Игорь Александрович был лет на двадцать с лишним старше меня, занимал, по советским понятиям, высокий пост, но защитил докторскую диссертацию недавно и шустрых не жаловал. Все же по инерции, свойственной воспитанному человеку в салонной беседе, произнес задушевно: «В добрый час, дорогой, можете на меня рассчитывать!»

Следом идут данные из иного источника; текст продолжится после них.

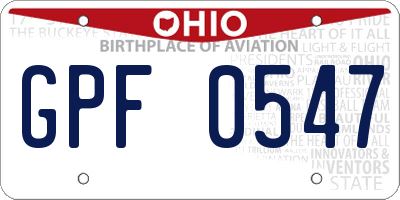 OH license plate GPF0547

И я поверил. Полный горделивых надежд на дружескую поддержку большого начальника, явился вскоре в ректорский кабинет, он же — зал заседаний ученого совета. Через двадцать минувших с защиты диплома лет вновь оказался я в академии зависимым искателем, давно знакомый зал глянул на меня забытой опасной властью, и даже старые запахи гипса и клея почудились мне грозными. В зале этом, где в мои студенческие годы среди старых торжественных картин красовался портрет Сталина, теперь висел Ленин (ныне гравюра с портрета Кокоринова, писанного Левицким). Под Лениным ждал меня прием непредвиденно кислый. Игорь Александрович, как водится у вяло лгущих чиновников, смотря мимо меня, словно бы позабыв о своих недавних радушных посулах, говорил со мною со скудной вежливостью, за которой угадывалось неудовольствие, и лишь поинтересовался, почему я не хочу защитить рукопись вместо книги. В Ленинграде это почиталось вольностью, даже надменностью — «подумаешь, книжку написал!» (наших сановных искусствоведов печатали неохотно, справедливо находя, что пишут они очень уж скучно).
Немало изумившись происшедшей перемене, я твердо решил не суетиться и вооружиться вовсе не свойственным мне терпением. Смутно начал догадываться: за моей спиной происходит нехорошее, и единственный выход — проявить выдержку и упиваться тихой гордыней.
Боюсь, даже фрагментарное изложение последовавших событий, равно как и упоминание имен многих, вообще-то, достаточно приличных людей, будет пахнуть лакейской, и потому воздержусь, хотя немало эти пассажи способствовали бы уяснению академических и вообще советско-научных нравов.
Зато с удовольствием вспоминаю, как весело и охотно помогал мне из Москвы — письмами, звонками и поступками — Александр Абрамович Каменский. Он ведь, будучи значительно старше и несравненно известнее меня, степени докторской не имел, но ни грана зависти — радостная готовность подставить плечо, не жалея времени и сил. Его умение, смеясь, презирать пошлость и злобу нашей ученой бюрократии меня спасало.
А сталкивался я не только с мелкими пакостями, но с какими-то шекспировскими мистическими тайнами. Об одной расскажу — ее персонажи уже принадлежат прошлому.
Каменский написал мне, что обратился к известнейшему англисту, профессору Аниксту, с просьбой быть оппонентом у меня на защите.